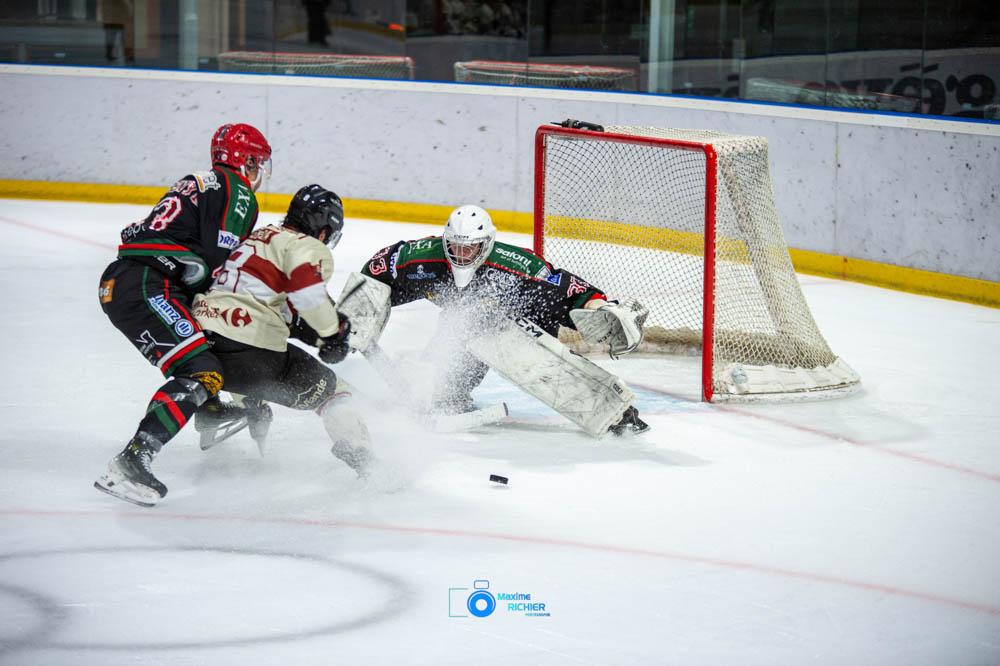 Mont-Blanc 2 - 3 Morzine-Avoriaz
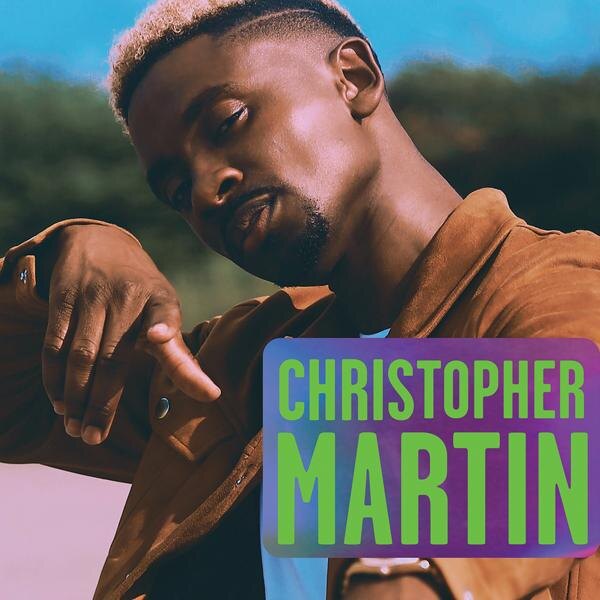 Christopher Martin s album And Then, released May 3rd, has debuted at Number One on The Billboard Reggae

* * * * * * *

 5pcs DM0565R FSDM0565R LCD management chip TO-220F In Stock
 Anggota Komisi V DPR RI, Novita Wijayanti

* * * * * * *

== EXERCISE PROMPT ==
Taking the entries above, copy word for word the lines from the one with "Mont-Blanc 2 - 3 Morzine-Avoriaz" up to and including the one with "Christopher Martin s", without any picture.

== WRITTEN ANSWER ==
 Mont-Blanc 2 - 3 Morzine-Avoriaz
 Christopher Martin s album And Then, released May 3rd, has debuted at Number One on The Billboard Reggae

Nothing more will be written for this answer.